(Records from a data collection)
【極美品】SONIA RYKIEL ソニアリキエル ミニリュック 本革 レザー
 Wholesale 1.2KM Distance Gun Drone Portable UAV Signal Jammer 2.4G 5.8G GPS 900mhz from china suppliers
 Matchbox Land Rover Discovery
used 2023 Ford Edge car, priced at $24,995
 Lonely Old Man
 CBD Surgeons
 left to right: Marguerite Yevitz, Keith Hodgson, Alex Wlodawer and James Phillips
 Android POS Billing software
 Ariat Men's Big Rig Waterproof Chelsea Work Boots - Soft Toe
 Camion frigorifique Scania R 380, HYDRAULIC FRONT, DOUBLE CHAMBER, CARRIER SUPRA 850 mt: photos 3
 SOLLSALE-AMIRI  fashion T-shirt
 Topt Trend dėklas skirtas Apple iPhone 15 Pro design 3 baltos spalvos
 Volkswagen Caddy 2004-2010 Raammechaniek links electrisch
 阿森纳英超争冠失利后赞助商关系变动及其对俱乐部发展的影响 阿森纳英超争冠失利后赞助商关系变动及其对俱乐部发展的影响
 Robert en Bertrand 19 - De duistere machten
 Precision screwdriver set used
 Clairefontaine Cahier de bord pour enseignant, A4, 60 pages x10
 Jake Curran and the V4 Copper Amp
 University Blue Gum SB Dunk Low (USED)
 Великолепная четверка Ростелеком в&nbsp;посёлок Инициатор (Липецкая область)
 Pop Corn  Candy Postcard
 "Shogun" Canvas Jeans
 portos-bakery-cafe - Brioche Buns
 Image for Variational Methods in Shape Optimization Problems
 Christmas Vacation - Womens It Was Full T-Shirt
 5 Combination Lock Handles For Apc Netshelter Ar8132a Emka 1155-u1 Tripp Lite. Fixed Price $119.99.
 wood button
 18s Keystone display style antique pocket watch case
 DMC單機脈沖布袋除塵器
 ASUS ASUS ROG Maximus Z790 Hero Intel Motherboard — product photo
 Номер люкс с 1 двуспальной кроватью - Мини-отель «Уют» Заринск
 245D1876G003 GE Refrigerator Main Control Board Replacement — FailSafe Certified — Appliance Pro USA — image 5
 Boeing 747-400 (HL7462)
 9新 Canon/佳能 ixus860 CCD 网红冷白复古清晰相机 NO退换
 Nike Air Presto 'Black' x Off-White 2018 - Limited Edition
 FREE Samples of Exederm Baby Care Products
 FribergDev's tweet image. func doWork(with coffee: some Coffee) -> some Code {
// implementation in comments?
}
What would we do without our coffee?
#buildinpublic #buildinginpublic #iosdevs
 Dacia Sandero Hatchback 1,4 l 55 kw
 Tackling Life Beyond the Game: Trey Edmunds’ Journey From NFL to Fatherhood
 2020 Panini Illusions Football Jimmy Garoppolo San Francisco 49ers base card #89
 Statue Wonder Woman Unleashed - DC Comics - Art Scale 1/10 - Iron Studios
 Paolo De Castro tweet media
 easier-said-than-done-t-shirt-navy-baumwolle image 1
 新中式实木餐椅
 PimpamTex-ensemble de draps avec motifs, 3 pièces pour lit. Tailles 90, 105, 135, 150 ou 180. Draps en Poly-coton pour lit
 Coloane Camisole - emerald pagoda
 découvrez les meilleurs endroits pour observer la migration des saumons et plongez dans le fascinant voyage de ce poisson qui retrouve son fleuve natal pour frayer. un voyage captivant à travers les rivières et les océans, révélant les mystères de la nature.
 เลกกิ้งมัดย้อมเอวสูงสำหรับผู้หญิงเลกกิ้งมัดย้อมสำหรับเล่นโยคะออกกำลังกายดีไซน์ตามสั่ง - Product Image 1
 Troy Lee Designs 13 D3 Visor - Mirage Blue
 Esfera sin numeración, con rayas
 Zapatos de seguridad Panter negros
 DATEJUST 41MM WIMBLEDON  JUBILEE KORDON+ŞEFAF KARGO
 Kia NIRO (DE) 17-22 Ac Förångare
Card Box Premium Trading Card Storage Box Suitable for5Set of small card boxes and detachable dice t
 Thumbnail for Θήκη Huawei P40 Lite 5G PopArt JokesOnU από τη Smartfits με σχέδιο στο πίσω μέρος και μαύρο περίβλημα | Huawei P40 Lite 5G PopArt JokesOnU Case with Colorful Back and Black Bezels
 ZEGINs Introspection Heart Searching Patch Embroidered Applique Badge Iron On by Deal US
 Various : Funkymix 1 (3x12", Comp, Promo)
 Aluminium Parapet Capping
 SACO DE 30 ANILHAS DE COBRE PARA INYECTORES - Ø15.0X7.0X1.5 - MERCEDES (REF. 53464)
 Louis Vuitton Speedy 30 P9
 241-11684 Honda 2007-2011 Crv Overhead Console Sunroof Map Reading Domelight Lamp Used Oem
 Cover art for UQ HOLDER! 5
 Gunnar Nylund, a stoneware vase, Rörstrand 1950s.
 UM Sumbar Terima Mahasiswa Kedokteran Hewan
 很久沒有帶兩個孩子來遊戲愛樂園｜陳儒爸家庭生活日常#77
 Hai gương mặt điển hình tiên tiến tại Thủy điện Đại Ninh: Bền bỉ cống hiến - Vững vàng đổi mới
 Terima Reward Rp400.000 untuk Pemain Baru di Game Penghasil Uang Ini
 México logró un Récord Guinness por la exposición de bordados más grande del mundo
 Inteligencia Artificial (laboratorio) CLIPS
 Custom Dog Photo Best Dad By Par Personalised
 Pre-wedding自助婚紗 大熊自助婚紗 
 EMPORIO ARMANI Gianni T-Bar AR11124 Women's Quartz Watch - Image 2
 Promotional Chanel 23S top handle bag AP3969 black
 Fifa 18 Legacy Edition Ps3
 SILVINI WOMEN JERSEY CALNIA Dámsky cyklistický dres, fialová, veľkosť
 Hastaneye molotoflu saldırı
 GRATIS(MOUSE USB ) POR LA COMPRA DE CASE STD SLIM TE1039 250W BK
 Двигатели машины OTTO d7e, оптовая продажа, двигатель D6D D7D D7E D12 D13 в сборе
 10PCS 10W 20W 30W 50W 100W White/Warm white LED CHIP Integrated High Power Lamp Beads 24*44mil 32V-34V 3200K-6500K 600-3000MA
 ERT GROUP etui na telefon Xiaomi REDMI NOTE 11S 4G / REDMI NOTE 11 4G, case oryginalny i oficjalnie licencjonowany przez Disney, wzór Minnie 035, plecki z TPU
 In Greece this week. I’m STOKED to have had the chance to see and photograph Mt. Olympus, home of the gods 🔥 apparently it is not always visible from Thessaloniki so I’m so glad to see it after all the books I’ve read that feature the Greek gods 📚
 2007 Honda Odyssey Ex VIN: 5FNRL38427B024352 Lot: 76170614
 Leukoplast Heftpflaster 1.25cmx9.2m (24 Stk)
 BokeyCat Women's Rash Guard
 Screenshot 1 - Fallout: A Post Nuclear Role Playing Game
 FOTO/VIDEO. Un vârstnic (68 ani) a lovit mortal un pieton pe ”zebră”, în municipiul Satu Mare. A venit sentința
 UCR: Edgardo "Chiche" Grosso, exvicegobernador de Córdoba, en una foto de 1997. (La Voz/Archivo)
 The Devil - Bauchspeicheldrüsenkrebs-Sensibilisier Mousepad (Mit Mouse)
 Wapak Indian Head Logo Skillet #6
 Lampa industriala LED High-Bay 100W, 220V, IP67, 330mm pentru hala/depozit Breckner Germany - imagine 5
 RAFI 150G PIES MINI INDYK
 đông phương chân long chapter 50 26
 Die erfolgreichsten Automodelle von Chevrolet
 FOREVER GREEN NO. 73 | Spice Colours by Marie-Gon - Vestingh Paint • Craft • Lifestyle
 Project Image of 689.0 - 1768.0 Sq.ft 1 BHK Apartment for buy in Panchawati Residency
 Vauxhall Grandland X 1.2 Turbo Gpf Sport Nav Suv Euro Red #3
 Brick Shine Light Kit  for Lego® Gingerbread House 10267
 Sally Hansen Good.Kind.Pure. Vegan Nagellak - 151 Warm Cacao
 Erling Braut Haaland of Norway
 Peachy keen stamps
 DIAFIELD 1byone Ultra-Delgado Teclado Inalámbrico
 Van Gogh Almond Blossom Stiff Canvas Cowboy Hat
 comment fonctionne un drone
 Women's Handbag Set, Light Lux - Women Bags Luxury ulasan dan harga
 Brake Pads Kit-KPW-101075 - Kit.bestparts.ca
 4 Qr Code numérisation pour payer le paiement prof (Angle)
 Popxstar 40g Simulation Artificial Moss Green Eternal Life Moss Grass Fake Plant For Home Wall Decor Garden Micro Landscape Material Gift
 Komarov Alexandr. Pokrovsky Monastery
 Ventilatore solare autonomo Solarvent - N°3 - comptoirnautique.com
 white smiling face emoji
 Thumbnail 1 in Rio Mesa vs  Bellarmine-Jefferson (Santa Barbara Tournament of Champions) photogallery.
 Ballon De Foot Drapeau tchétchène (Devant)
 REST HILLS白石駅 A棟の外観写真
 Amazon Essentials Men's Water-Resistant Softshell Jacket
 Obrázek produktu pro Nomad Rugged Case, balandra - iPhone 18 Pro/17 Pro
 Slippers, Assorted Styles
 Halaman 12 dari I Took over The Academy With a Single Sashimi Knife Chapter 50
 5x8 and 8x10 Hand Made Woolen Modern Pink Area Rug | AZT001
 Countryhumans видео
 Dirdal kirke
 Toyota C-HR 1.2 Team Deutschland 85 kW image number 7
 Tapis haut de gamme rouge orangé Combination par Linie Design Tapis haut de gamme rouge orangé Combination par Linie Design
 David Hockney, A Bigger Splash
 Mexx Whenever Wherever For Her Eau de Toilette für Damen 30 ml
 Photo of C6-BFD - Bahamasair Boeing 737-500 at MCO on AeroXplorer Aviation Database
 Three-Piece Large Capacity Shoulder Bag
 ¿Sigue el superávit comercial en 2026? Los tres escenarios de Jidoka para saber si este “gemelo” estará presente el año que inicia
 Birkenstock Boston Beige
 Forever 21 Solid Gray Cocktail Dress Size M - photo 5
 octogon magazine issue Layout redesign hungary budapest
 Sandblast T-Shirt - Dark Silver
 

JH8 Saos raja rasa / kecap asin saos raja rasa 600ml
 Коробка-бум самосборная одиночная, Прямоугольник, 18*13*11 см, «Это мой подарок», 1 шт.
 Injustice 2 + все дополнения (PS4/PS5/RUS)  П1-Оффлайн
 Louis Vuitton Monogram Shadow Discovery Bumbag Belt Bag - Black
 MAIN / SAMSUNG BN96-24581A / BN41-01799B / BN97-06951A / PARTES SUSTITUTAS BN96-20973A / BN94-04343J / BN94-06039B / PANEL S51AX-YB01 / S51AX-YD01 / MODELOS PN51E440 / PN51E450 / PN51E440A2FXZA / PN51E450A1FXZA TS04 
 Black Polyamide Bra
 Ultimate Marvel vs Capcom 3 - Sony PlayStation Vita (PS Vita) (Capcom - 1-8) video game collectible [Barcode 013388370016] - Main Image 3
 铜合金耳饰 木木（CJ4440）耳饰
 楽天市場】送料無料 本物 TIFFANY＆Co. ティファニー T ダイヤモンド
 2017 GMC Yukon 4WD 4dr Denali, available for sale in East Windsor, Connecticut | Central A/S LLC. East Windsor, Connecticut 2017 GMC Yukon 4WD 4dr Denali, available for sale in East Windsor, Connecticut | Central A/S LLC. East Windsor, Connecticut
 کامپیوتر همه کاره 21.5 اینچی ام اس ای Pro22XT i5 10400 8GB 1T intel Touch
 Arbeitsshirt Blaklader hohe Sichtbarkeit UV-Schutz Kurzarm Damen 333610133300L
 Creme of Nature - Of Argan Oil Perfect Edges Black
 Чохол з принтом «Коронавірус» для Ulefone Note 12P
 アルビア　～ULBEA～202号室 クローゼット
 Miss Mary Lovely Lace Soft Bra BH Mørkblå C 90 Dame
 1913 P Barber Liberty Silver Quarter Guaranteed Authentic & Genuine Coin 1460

= ASSIGNMENT =
From the records given above, copy all lines containing "Damen".

= RESPONSE =
 Mexx Whenever Wherever For Her Eau de Toilette für Damen 30 ml
 Arbeitsshirt Blaklader hohe Sichtbarkeit UV-Schutz Kurzarm Damen 333610133300L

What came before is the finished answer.